_Try it_
Leaving the images out, output each entry below exactly.

_Information_
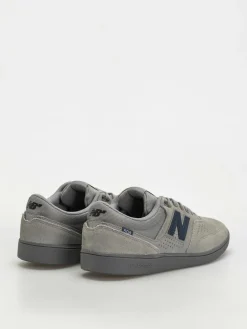 New Balance 508 Schuhe
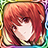 Kokur icon.png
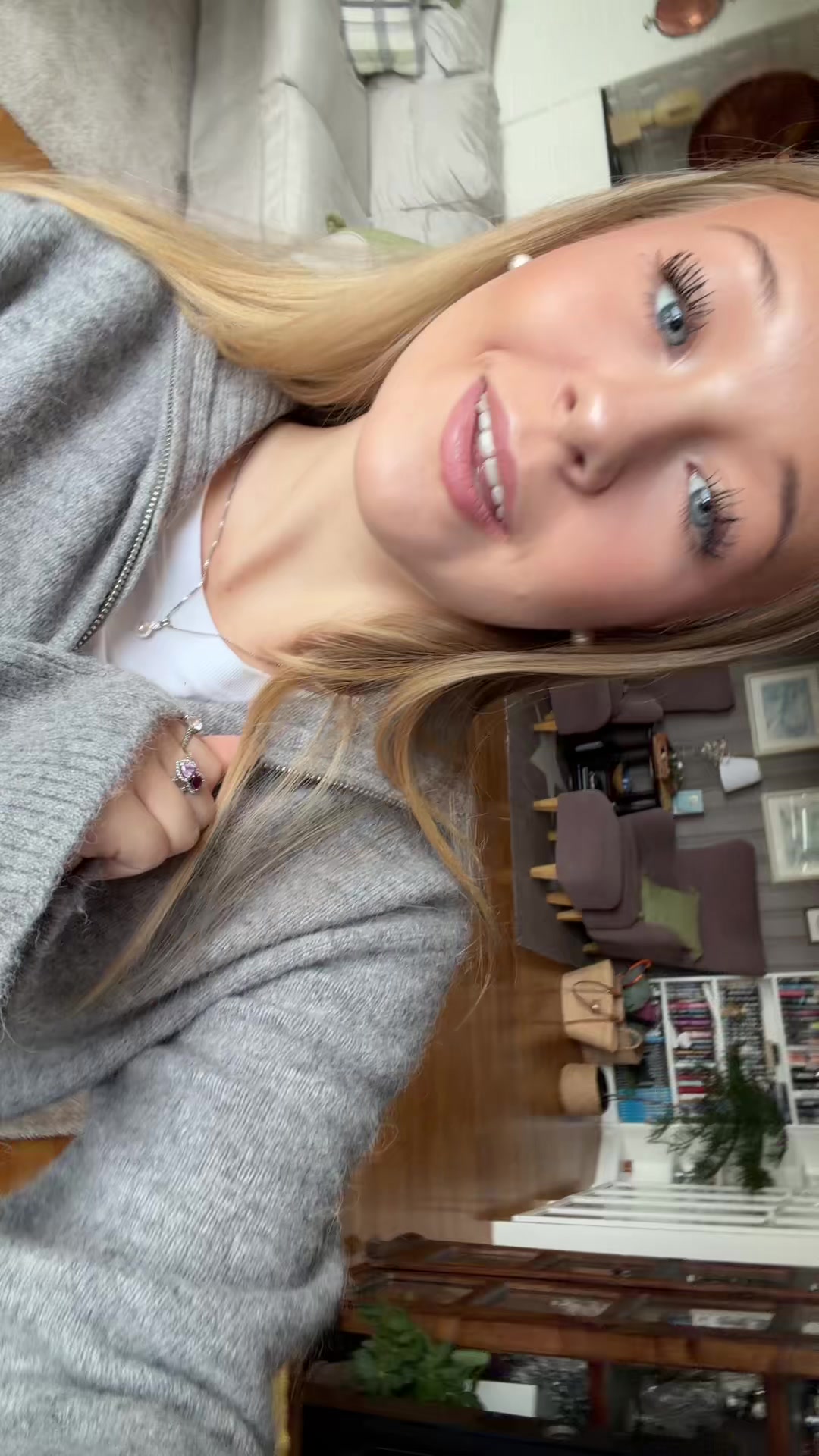 @🫵🏼😍✨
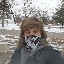 User avatar image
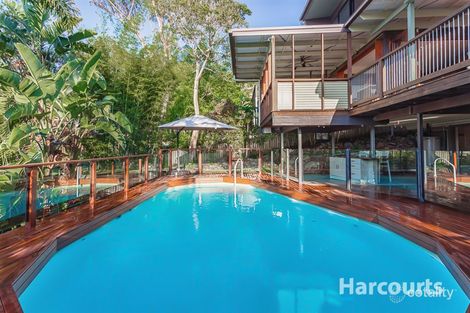 Property photo of 74 Chaprowe Road The Gap QLD 4061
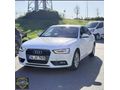 MZYCARS'dan değişensiz AUDİİ A4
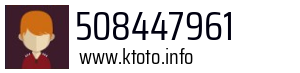 508447961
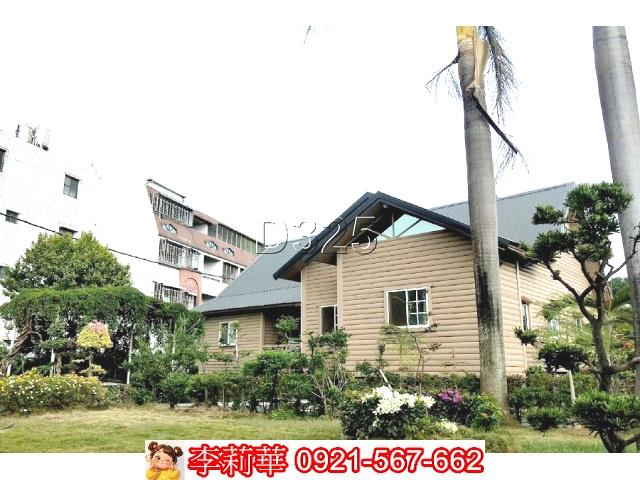 高雄路竹建地-4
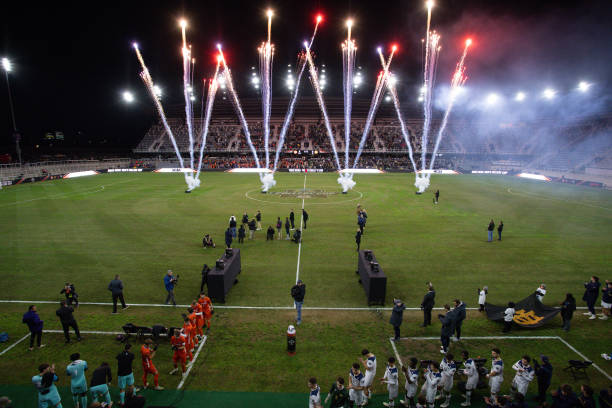 和轮换难题 和轮换难题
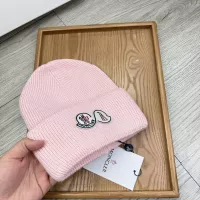 $36.00 USD Moncler Caps #1372564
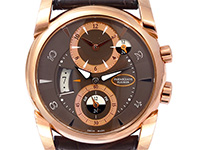 Parmigiani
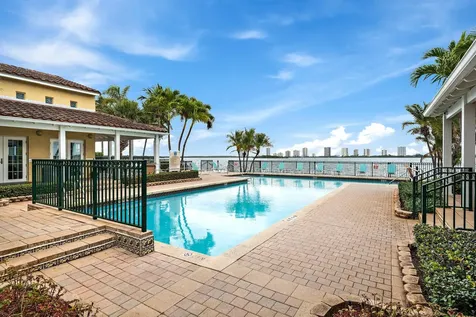 1015 Lake Shore Drive Lake Park FL 33403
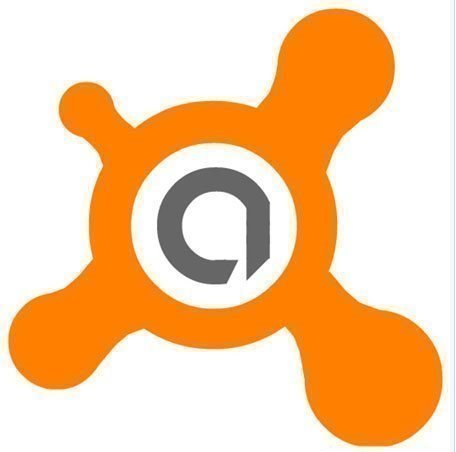 Avast Clear 19.6.4546.0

_Exercise answer_
 New Balance 508 Schuhe
 Kokur icon.png
 @🫵🏼😍✨
 User avatar image
 Property photo of 74 Chaprowe Road The Gap QLD 4061
 MZYCARS'dan değişensiz AUDİİ A4
 508447961
 高雄路竹建地-4
 和轮换难题 和轮换难题
 $36.00 USD Moncler Caps #1372564
 Parmigiani
 1015 Lake Shore Drive Lake Park FL 33403
 Avast Clear 19.6.4546.0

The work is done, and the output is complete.